Cinque cantieri sono già operativi, altri quattro sono in procinto di partire. Il commissario straordinario unico per la depurazione: "Entro il 2020 saranno tutti avviati"

L'impianto di Cefalù

Cinque cantieri avviati per un investimento di circa dieci milioni di euro, altri quattro da sei milioni in procinto di partire.
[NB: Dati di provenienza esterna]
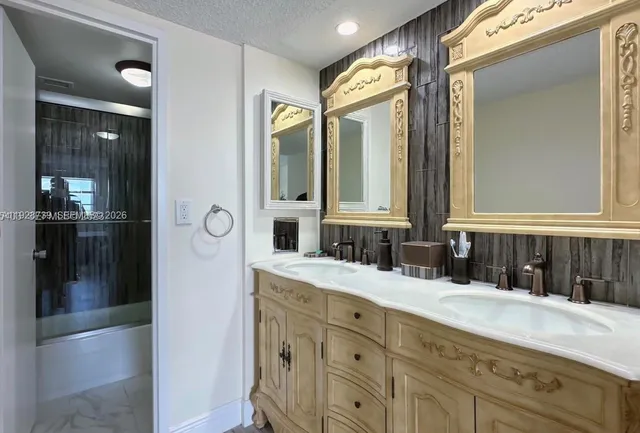a bathroom with a granite countertop sink vanity and mirror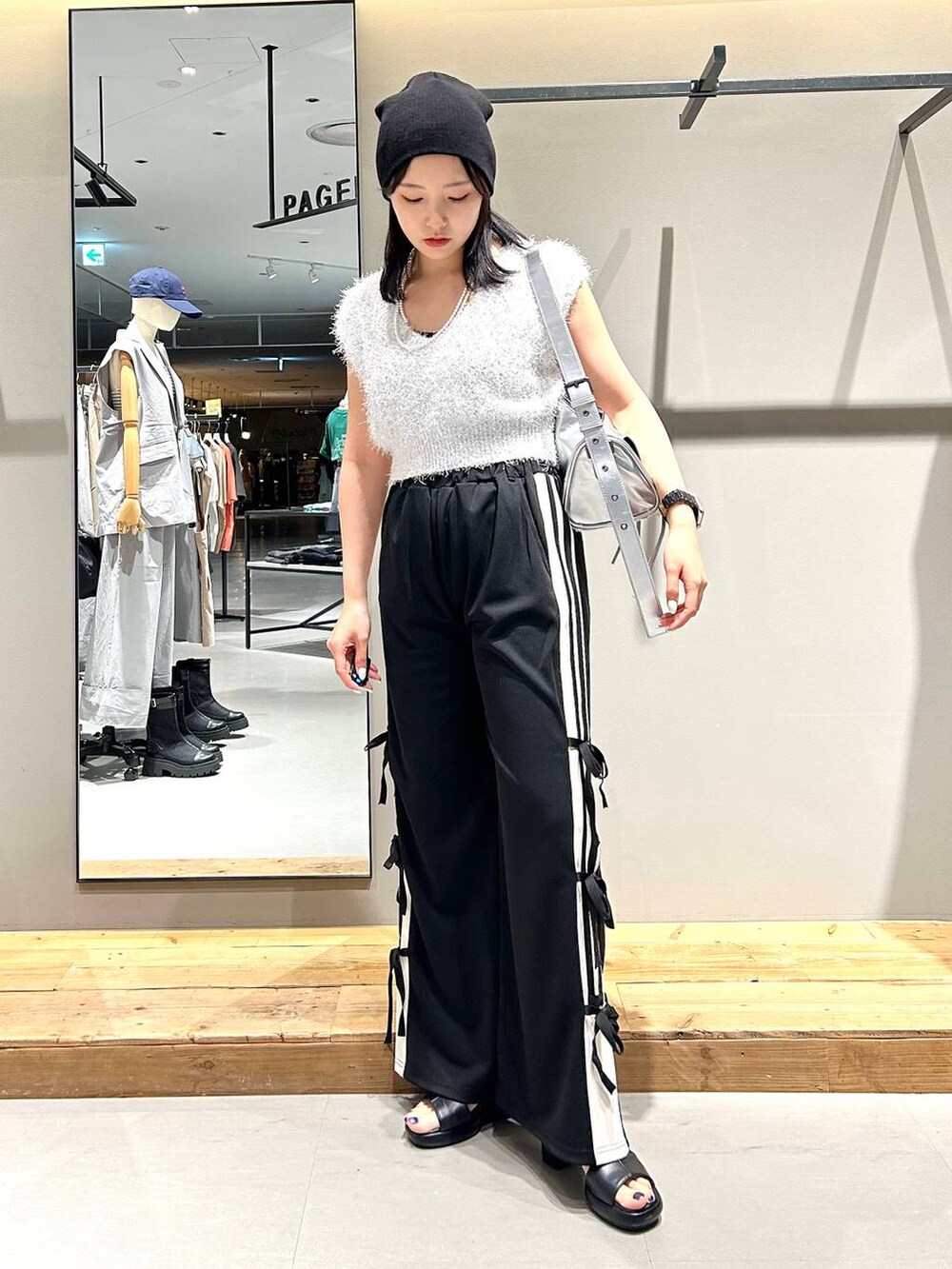 ブラック系のサンダル、ホワイト系のベスト、ブラック系のキャミソールを着用したレディースの夏コーディネートの6枚目の写真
Agli “Stati maggiori del servizio idrico nazionale”, riuniti stamani presso il Palazzo Arcivescovile di Monreale, la struttura del commissario straordinario unico per la depurazione Enrico Rolle, ha fatto il punto sull’avanzamento degli interventi per il settore idrico siciliano (indispensabili dopo la condanna della Corte di Giustizia europea). Al seminario “La regolazione del Servizio Idrico Integrato in Sicilia”, organizzato dall’assessorato Regionale dell’Energia e dei Servizi di Pubblica Utilità, in collaborazione con Siciliacque e Anea (associazione nazionale degli enti d’ambito per l’idrico e i rifiuti), era presente in rappresentanza della struttura commissariale l’ingegner Cecilia Corrao.

Gli interventi già avviati riguardano l’adeguamento del depuratore di Castelvetrano in via Errante Vecchia, quello di Cefalù in contrada S.Antonio e l’impianto di Trabia in contrada Giardini Piani. Partita anche la realizzazione del collettore per il depuratore di Misilmeri e della rete fognaria nelle vie Ripellino e Carmine, nella zona che congiunge Palermo con Villabate. I cantieri in fase di avvio sono invece il completamento della rete fognaria nelle zone periferiche di Marsala, il completamento dei collettori nel comune di Carini e due interventi per la città di Palermo: l’impianto di collettamento a sistema misto da via Palmerino Molara a via Ponticello Oneto e la fognatura a sistema separato nel quartiere Villagrazia.
 
La struttura commissariale ha bandito 38 gare, di cui 25 sull’affidamento dei servizi e 13 riguardanti i lavori, per un importo complessivo di oltre 120 milioni di euro. Ventitré sono le gare già aggiudicate. “Dietro ogni procedura – ha spiegato Corrao - c’è un’intensa attività istruttoria svolta dalla struttura commissariale, guidata da un preciso cronoprogramma che individua nel 2020 l’avvio di tutti gli interventi in Sicilia”.